Scatterplot of differential abundance log-Fold Change (DA logFC) against fraction of out-of-reference (OOR) cells for each neighbourhood, in simulations with different removed OOR cell populations (indicated in y-axis). Colored points indicate neighbourhoods where the enrichment was significant (10% SpatialFDR, logFC > 0). The dotted red line indicates the threshold used to define true positives for precision-recall analysis (20% of the higher fraction in the simulation).
Extended Data Fig. 2 Batch correction and biological conservation with latent dimensions learnt with different reference design.
Quantification of overlap between cell type labels (as a measure of biological conservation, left) and sample IDs (as a measure of batch effect, right) and clusters of disease cells on latent dimensions after scArches mapping with different designs (color). The overlap between clusters and covariates is measured by the Normalised Mutual Information (NMI), using the implementation in scikit-learn v1.1.2 (ref. 74). Each box plot shows the median and interquartile range for simulations with different OOR cell populations (n = 15 simulations).
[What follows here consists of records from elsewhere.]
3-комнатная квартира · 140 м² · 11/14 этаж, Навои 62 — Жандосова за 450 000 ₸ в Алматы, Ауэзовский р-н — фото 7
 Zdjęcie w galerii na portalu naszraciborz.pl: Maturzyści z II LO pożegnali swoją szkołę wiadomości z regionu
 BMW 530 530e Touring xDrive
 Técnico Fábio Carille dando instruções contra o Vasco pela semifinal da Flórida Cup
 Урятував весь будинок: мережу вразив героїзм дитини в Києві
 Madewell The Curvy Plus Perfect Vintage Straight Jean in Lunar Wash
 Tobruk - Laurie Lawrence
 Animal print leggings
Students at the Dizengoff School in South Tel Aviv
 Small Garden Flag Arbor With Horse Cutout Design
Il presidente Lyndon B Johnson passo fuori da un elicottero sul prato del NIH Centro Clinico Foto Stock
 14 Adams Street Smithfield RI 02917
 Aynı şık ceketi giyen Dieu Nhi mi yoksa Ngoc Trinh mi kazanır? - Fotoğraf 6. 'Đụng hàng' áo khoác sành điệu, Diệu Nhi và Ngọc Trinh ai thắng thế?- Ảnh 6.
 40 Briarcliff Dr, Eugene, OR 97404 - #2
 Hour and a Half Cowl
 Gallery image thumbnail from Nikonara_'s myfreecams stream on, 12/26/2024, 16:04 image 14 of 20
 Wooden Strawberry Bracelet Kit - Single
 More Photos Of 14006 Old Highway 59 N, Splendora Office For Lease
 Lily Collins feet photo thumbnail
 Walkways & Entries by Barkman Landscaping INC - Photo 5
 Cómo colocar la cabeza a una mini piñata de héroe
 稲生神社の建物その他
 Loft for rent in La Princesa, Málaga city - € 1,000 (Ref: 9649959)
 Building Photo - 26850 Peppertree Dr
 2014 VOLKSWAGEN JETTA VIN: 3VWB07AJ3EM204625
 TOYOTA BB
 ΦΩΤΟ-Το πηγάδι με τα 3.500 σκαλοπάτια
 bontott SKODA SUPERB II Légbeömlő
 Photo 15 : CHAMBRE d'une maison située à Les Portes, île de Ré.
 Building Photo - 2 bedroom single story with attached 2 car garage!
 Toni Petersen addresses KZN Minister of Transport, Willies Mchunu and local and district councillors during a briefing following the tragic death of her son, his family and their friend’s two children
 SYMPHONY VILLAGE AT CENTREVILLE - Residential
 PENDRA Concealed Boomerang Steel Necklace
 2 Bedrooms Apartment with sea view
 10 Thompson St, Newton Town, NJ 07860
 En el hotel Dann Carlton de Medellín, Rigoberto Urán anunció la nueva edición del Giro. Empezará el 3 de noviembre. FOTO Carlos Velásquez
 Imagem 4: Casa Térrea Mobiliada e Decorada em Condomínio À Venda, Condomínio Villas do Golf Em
NMI values for leiden clustering with increasing resolution (x-axis) are shown. In boxplots the center line denotes the median; box limits, first and third quartiles; whiskers, 1.5X interquartile range.
Extended Data Fig. 3 Reference design comparison with alternative differential analysis methods for OOR detection.
Boxplots of false discovery rate (FDR), false positive rate (FPR), true positive rate (TPR) and Area Under the Precision-Recall Curve (AUPRC) for detection of OOR cell states with different reference designs (boxplot colour) using 3 different methods for differential cell abundance analysis: co-varying neighbourhood analysis (CNA), MELD and Milo. Points represent simulations with different OOR populations (n = 8, selecting OOR states with at least 250 cells). Tests on the same simulated data are connected. In boxplots the center line denotes the median; box limits, first and third quartiles; whiskers, 1.5X interquartile range.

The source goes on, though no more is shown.